WHAT THE EXERCISE ASKS. Where a line of the material contains the string "QNED", copy that line.

RECORD EXCERPTS.
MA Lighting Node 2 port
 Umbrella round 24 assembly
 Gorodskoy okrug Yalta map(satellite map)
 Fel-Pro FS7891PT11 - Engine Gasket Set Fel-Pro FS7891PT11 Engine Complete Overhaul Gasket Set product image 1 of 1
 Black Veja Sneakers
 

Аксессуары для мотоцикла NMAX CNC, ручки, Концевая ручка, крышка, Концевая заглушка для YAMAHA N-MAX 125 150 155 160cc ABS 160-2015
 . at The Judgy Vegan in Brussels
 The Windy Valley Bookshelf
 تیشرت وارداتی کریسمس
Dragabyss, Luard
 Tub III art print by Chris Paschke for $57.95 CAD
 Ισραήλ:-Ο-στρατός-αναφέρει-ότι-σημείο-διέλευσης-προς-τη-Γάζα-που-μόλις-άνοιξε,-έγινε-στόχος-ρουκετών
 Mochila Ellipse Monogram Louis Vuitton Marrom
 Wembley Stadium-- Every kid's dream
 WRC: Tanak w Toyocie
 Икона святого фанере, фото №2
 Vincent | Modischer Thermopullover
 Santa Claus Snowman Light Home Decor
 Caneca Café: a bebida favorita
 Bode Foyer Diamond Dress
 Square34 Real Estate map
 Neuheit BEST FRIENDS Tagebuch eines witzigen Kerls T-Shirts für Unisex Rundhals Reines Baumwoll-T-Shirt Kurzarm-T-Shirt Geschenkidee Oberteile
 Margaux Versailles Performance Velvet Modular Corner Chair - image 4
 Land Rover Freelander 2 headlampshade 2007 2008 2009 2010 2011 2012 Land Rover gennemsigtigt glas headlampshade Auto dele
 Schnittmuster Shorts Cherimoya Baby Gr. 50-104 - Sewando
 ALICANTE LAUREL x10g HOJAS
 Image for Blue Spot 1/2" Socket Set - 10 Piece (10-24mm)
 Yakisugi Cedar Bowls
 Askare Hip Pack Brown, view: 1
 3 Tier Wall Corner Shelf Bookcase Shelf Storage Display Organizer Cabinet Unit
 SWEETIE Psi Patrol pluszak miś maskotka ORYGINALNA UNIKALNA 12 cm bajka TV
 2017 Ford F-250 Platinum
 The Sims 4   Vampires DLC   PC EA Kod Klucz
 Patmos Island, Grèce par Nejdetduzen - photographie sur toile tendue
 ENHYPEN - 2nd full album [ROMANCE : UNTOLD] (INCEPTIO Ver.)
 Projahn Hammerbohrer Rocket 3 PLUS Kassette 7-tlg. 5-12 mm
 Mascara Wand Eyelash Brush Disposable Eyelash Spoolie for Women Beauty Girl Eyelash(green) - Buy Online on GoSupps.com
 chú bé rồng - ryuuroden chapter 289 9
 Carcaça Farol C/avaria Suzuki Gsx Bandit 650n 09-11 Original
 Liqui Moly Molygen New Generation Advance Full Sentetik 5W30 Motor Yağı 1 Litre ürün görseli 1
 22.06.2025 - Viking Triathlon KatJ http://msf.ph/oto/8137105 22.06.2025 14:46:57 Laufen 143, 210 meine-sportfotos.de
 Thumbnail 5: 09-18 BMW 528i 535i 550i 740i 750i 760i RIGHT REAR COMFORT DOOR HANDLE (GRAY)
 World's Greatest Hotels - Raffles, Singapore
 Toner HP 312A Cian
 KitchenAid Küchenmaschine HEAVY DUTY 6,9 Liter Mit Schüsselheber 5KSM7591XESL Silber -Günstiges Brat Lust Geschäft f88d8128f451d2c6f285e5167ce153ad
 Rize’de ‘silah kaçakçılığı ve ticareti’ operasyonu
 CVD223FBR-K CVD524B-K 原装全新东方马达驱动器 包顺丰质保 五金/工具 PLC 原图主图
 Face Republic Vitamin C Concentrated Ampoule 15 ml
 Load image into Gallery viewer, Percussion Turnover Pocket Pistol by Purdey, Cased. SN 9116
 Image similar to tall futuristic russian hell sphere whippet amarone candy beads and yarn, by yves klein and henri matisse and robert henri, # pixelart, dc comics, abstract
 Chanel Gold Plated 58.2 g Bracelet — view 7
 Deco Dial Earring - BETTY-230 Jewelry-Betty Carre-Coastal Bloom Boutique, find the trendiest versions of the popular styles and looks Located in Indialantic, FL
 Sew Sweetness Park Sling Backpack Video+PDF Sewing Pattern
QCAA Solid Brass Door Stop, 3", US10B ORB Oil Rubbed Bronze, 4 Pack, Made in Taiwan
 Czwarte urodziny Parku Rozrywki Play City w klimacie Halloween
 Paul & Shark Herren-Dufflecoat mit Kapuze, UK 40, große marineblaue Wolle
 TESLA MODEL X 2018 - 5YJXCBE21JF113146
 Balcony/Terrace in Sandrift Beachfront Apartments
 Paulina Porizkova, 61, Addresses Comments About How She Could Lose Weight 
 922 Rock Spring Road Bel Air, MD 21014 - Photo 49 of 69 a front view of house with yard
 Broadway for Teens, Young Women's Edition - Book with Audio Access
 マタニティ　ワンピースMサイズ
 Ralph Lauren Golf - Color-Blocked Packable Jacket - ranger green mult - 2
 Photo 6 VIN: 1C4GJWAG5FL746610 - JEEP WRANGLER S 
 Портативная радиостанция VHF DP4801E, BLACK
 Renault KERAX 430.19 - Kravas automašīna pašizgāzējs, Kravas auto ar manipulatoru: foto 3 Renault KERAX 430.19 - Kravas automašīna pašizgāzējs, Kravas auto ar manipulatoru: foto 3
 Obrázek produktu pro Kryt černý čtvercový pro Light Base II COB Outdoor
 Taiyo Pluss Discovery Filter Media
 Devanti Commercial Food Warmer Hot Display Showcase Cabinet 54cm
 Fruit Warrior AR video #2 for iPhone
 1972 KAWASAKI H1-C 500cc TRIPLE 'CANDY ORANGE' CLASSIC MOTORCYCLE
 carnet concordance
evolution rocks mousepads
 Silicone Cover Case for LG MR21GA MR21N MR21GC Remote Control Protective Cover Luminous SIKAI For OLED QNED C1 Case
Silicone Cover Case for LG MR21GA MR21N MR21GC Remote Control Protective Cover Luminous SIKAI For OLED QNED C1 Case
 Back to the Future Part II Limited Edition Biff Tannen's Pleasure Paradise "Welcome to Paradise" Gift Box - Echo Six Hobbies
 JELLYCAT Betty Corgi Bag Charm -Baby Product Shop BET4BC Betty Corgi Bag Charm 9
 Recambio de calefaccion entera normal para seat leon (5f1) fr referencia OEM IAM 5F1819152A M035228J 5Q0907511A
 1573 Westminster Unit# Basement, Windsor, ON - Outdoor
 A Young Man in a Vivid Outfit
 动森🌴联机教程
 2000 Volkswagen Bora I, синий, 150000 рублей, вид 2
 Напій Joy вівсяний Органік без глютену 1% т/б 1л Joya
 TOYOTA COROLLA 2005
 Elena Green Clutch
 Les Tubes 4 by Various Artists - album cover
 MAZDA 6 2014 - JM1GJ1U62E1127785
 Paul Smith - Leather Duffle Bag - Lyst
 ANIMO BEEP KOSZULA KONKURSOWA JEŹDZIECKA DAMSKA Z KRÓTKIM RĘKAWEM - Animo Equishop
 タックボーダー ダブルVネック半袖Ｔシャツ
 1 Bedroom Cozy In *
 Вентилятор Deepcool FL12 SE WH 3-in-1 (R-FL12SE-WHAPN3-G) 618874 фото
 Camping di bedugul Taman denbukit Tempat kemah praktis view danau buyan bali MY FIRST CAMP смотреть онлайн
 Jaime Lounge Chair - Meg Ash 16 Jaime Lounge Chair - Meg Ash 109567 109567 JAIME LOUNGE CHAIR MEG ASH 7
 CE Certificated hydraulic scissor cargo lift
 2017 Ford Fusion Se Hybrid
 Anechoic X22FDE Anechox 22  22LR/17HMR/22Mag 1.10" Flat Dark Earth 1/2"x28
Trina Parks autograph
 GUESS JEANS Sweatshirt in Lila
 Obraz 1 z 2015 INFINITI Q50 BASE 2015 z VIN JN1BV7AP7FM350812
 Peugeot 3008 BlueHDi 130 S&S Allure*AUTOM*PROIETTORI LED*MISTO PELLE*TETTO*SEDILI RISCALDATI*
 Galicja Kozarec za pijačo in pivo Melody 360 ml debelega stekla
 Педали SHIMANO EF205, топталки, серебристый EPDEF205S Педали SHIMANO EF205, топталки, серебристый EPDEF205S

FINISHED TASK.
 Silicone Cover Case for LG MR21GA MR21N MR21GC Remote Control Protective Cover Luminous SIKAI For OLED QNED C1 Case
Silicone Cover Case for LG MR21GA MR21N MR21GC Remote Control Protective Cover Luminous SIKAI For OLED QNED C1 Case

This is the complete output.